①生徒の職業や結婚について決定権を行使した。
②ラビは父親よりも大切。父よりも先にラビを助ける。
③イエスが禁止されたのは、ある人が別の人の上に絶対的な権威を振るうこと。
(4) 真の弟子の特徴
①仕える人
②神の祝福を信じる人
(5) 日本の習慣をどう考えるか。
①「先生」という言葉は、「ラビ」とは異なる。
②聖書は、教師や牧師の存在を認め、その人たちを敬うようにと教えている。
③指導者を敬うと同時に、権威の行使に関しては見張人となる必要がある。
Ⅲ.パリサイ人たちへの教え(23:13~36)
はじめに:7つのわざわい
(1) 第1と第7のわざわいは同じもの。
(2) 文学的手法としては、それらのわざわいが循環していくような形になっている。
1. メシアの拒否
(1) イエスのメシア性を認めず、自分も他の人も天の御国から締め出している。
(2) ユダヤ人の間では、今もこの状態が続いている。
(3) 指導者の責任は大きい。
(4) 第7のわざわいで、より詳しく語られる。
2. 誤った熱心さ
(1) 異邦人をパリサイ的ユダヤ教に改宗させるためにあちこち動き回っていた。
(2) 改宗者になった者はパリサイ人以上に律法主義に熱中するようになる。
(3) 「ゲヘナの子(パリサイ人)」が「より悪いゲヘナの子(改宗者)」を作る。
(4) 今日でも、律法主義的信仰は律法主義者しか生み出すことはできない。
3. 優先順位の逆転
(1) 神殿よりも神殿の中にある黄金のほうが尊かった。
(2) 祭壇よりも祭壇の上の供え物のほうが大切だった。
(3) 第一のものを第一にしない罪。
4. 小さいものは守り、大きいものは無視
(1) 「はっか、いのんど、クミン」。イエス時代に栽培されていた小さな種の代表。
(2) 彼らは、そんなに小さなものでも十分の一を捧げていた(これは、口伝律法)。
(3) それ自体は悪いことではない。
(4) 細かいことに神経を使いながら、それよりもはるかに重要なものは無視。
(5) はるかに重要なものとは、「正義、あわれみ、誠実」など。
5. 内側は無視して外側だけを清める
(1) 杯や皿をきよめるために細心の注意を払っていた。
(2) しかし、心の中のきよめは無視していた。
(3) イエスは、内側をきよめれば、外側は自然にきよくなると教えている。
6. 偽善
(1) パリサイ派の特徴は偽善。
(2) その状態をイエスは、「白く塗った墓」と表現された。
(3) 祭司やレビ人たちは死体や墓に触れないために、毎年墓を白く塗っていた。
(4) 白く塗った墓とは、人間が作ったルールのこと。
7. メシアの拒否
(1) 第1のわざわいと同じ。
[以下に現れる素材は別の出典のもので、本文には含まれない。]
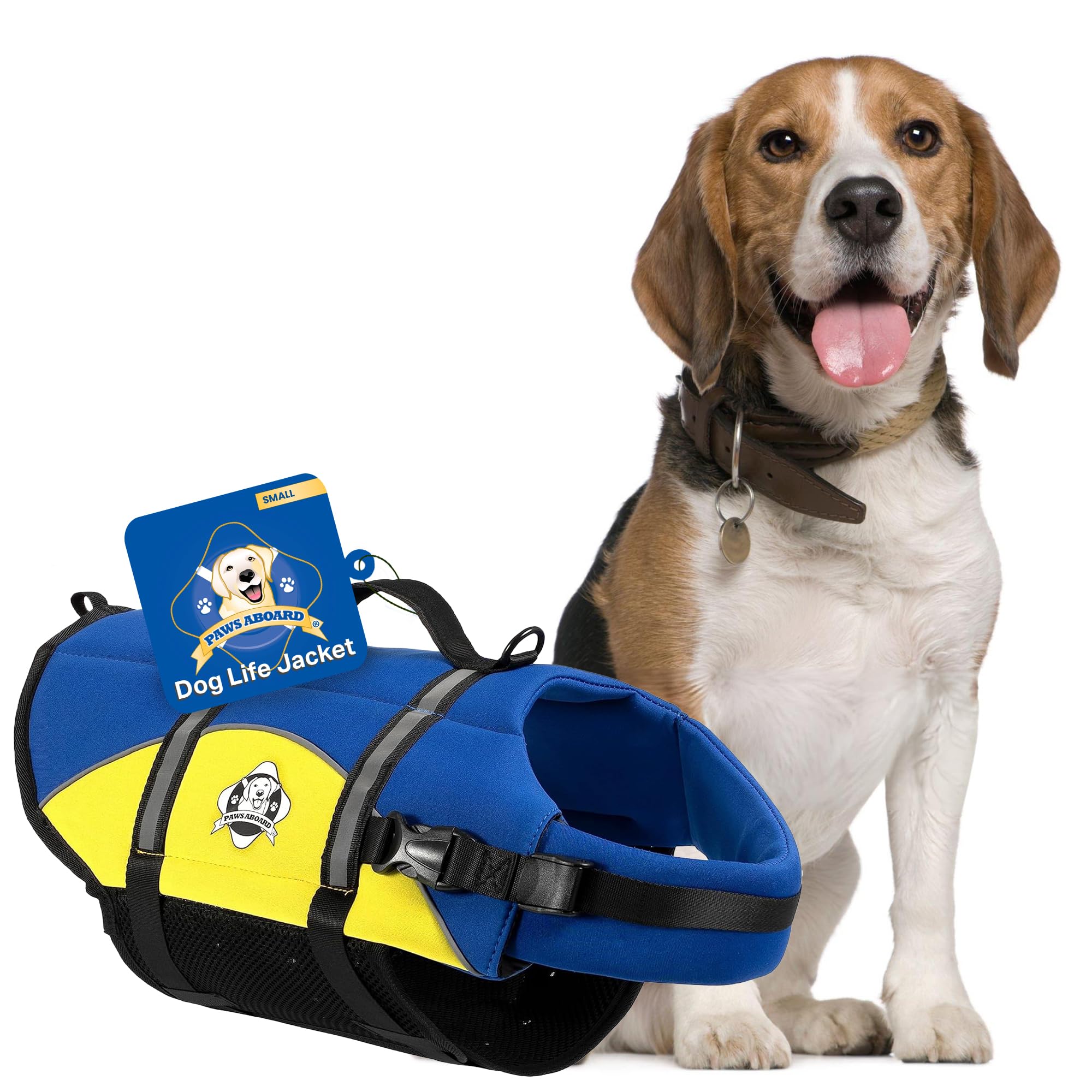 Dog Life Jacket Paws Aboard - Swimming Vest for Dogs, Adjustable, Reflective, Comfortable, Multiple Colors, Patterns, XX-Small to Extra Large Dog Swim Vest with Handle (Blue & Yellow, Small)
さらに詳細にその内容が説明されている。
(2) 彼らは「自分たちなら預言者たちの血を流すことはなかっただろう」と豪語。
(3) イエスはその誤りを指摘。
①彼らはイエスが遣わした使者(バプテスマのヨハネ)を迫害した。
②また、イエス自身をも信じなかった(数々のしるしと奇蹟があったのに)。
③「義人アベル」と「バラキヤの子ザカリヤ」の名が並べられている。
④ユダヤ教の聖書は、創世記から始まり歴代誌第二で終わる。
⑤アベルは創世記に、バラキヤの子ザカリヤは歴代誌第二の最後に出てくる。
⑥イエスは、聖書全体の中で殉教者となった者たちのことを語っている。
⑦イエスを拒否することは、旧約聖書の預言者たちを拒否したことと同じ。
⑧預言者たちの血の責任は、イエスを拒否した者たちの上に下る。
⑨「この時代の上に来ます」という表現に注目。紀元70年に成就した。
(4) 現代のユダヤ教正統派は旧約聖書を信じているわけではない。
(5) イエスが何度も、「目の見えぬパリサイ人たち」と語っておられるのに注目。
Ⅳ.イエスの嘆き
1. 37節はイエスの公生涯のまとめ
(1) 3年半にわたるご自身の公生涯を次のようにまとめている。
①めんどりがひなを翼の下に集めるように…。
②それなのに、あなたがたはそれを好まなかった。
③今も、ほとんどのユダヤ人たちがイエスを拒否し続けている。
④メシアニック・ジューは、めんどりの翼の下に集まるひな。
⑤今もイエスは、涙を流しておられる。
2. 38節、39節は預言
(1) 「見なさい。あなたがたの家は荒れ果てたままに残される」。紀元70年に成就。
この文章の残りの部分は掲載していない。